Auckland's public transport users will soon see fares increase by up to 50 cents.
Public transport is paid for through passenger fares and subsidies from Auckland Council and NZ Transport Agency.
"Unfortunately, a small fare increase is needed as any additional revenue generated by new growth resulting from holding fares at current levels is insufficient to meet the costs of providing public transport services without further funding being available," AT chief executive Shane Ellison said.
Changes to the bus and train adult AT Hop fares will see an increase of five cents for one zone, 15 cents for two zones, 10 cents for zones three till six and a drop in 10 cents for zones seven and eight. There are no changes to fares to travel through nine zones.
Child and Tertiary fares will increase between five and 20 cents.
Some cash ferry fares will see a hike of 50 cents, whereas AT Hop fares will see an increase between five and 30 cents.
"We would like to have been in a position to not increase fares in 2019. Over the past three months we have been exploring means of funding any cost gap that could be created by not increasing fares," Mr Ellison said.

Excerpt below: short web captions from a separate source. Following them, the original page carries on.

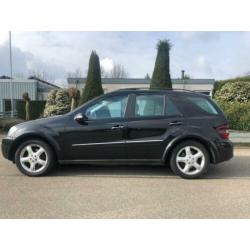 Mercedes-Benz M-klasse 320 CDI AMG UITVOERING/DAKRAAM/XENON/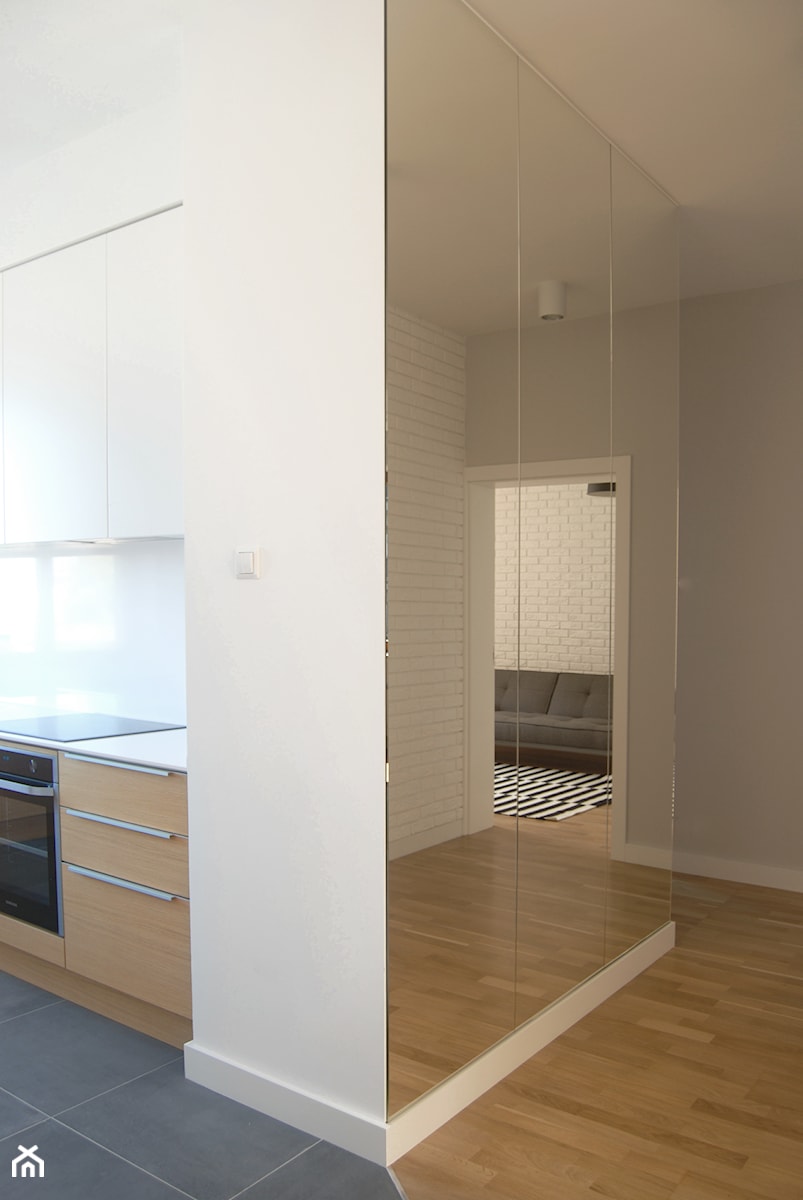 Mieszkanie przy skarpie - Średni biały szary hol / przedpokój, styl nowoczesny - zdjęcie od DEMBOWSKA / JAGIEŁŁO studio architektury
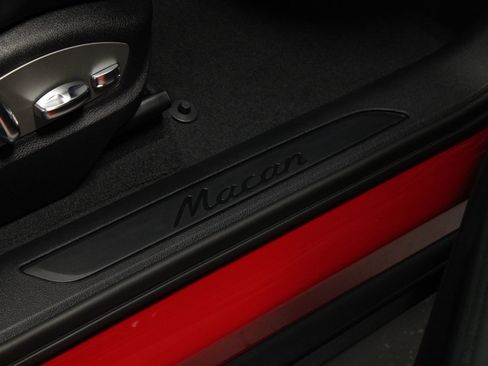 New 2026 Porsche Macan AWD/4WD image 24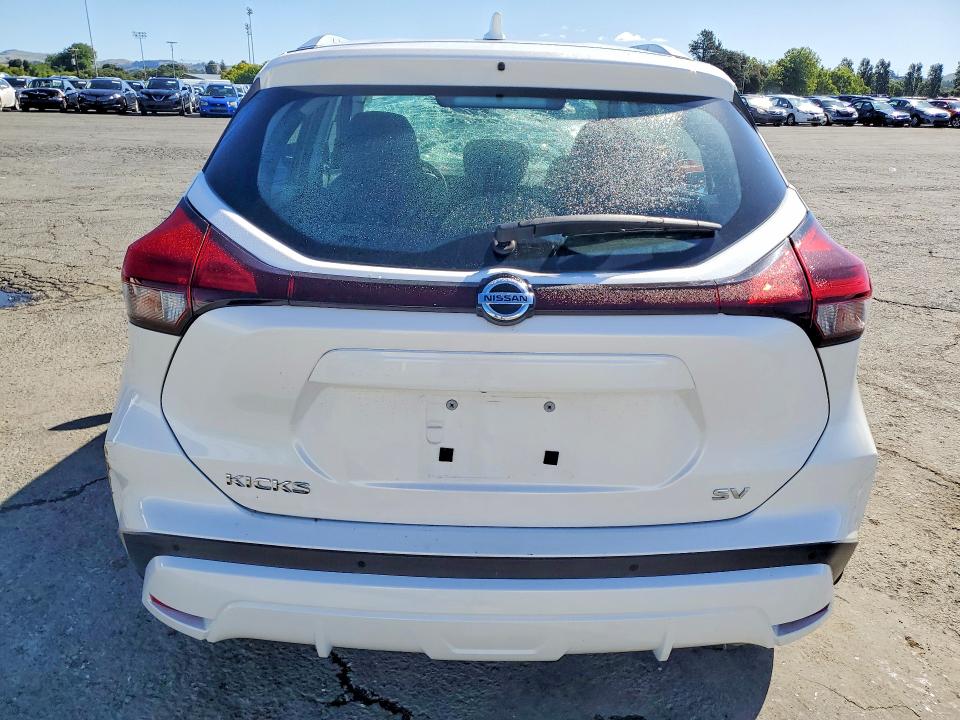 50194516 :رقم المزاد ، 3N1CP5CV4ML546891 vin ، 2021 Nissan Kicks مزاد بيع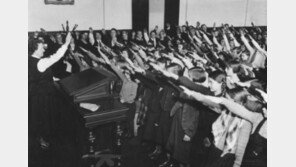 [책의 향기]나치도 불사르지 못한 6만 권… 휴머니스트가 지켰다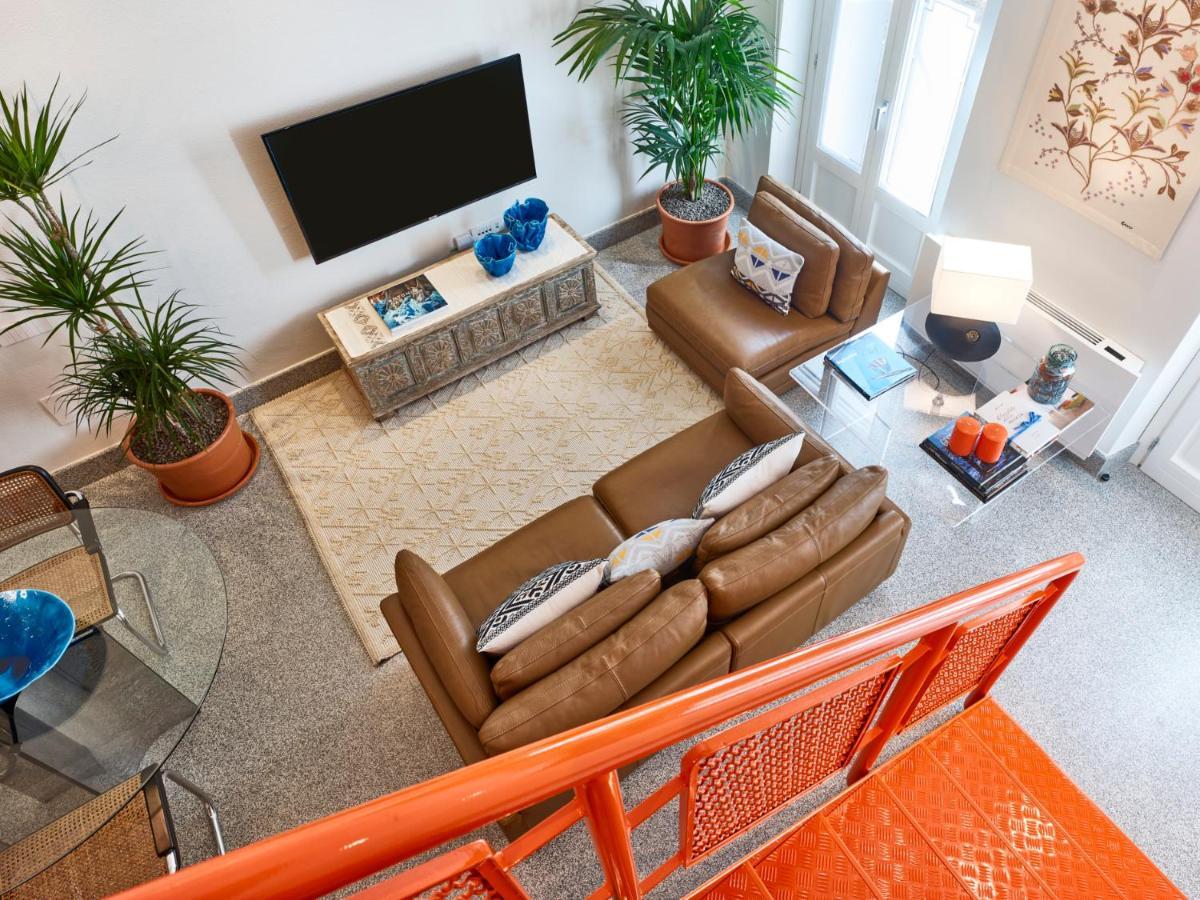 شقة Right House - Indipendent In Characteristic Marina District كالياري المظهر الخارجي الصورة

"We see fares as an important ingredient to getting more people out of cars and into public transport and so we will continue to look at ways we can further reduce the real cost of public transport for our customers in the coming years."
In 2018, Auckland's central suburbs and the North Shore had new bus networks rolled out. More than 500,000 Aucklanders are believed to now be living within 500 metres of a frequent public transport service.
The year to November 2018 public transport experienced a 5.2 percent increase in passengers, taking the total to 95.6 million trips taken in that period.
"Operating a public transport system in a growing city like Auckland means that the costs do increase as we put on more services," Ellison said.
"It's a balance for AT to provide an extensive public transport system that has enough capacity for a growing city, but we also know that cost is a major factor in how people travel, so we've found efficiencies in order to keep the fare increase at an average of 1.9 percent. This is well below the inflationary pressures associated with providing public transport."